2.1 The value of knowledge sharing In order to determine whether and how much knowledge sharing has occurred, we examined the perceived value of the knowledge sharing process. Perceptions have been used in other research as a proxy for the value of knowledge sharing [e.g., 15] and provide a useful mechanism for applying the research model in a wide variety of settings. The alternative is to employ tests associated with the actual knowledge content; this approach would have lower utility across research settings, due to the context-specific nature of the tests. The research model depicted in Figure 1 includes four components to assess the value of knowledge sharing: efficiency (the sole metric used by Zander and Kogut [29]), quality, learning, and understanding. While these outcomes can be achieved using a KMS, as well as person-to-person knowledge sharing, our focus here is on the person-to-person approach (as reflected in our measures in Table 1). The knowledge sharing process should assist employees in saving time in the performance of their jobs.

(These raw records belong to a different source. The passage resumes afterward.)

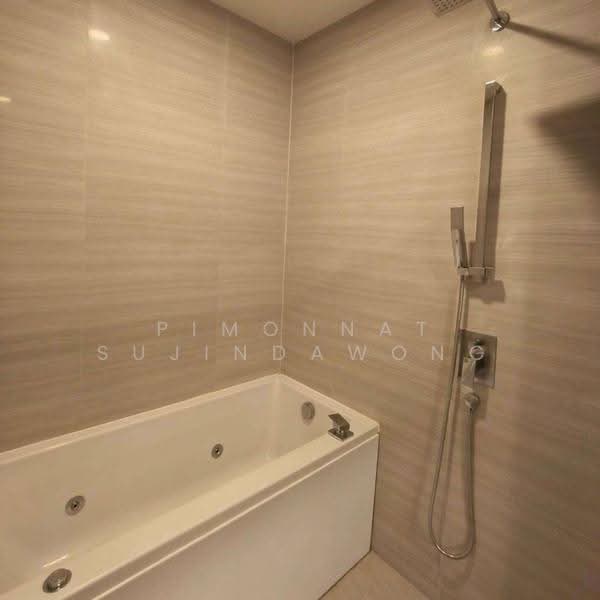Park Origin Thonglor, bangkok, Soi Thonglor 10, Sukhumvit Road, Khlong Tan Nua, Watthana, Bangkok, 2 Bedrooms, 45 sqm, Condo For Rent, by Pimonnat Sujindawong, 500592514 - DDproperty.com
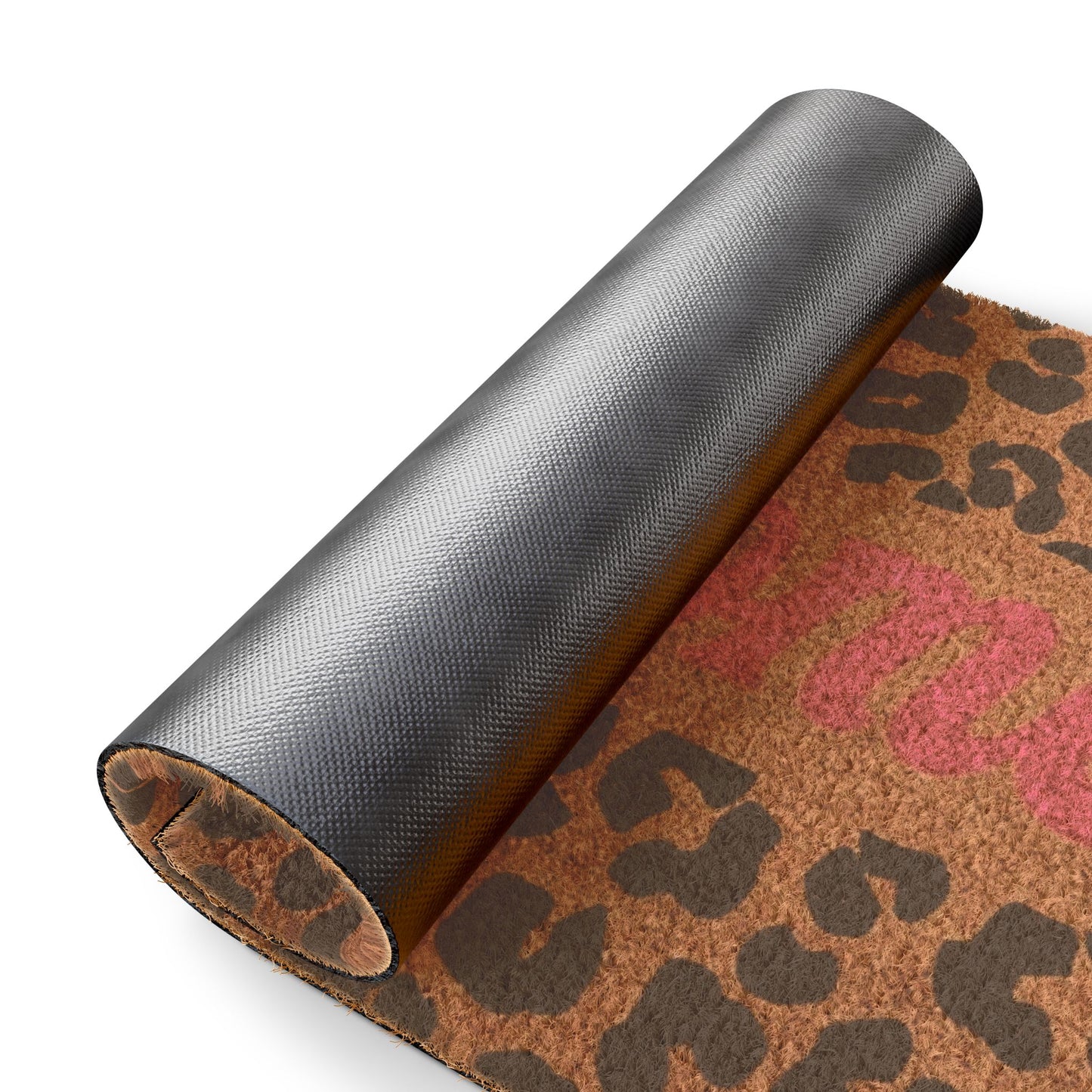Doormat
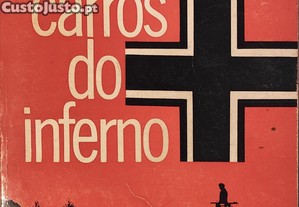 imagem_1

For some jobs, there are key elements that are fairly standard, and having knowledge about those elements readily available will save time [29]. Further, as Hansen et al. [8] point out, knowledge reuse is a critical component of successful operations in some organizations. The ability to capitalize on knowledge that has already been created within the organization results in significant time savings, thus improving the efficiency of individual workers, as well as the organization as a whole. It is equally important that knowledge sharing improve the quality of work performed. Knowledge sharing should not be such an onerous task that it detracts from job performance. In fact, the quality of work should improve as more knowledge is available to more individuals in the organization [8].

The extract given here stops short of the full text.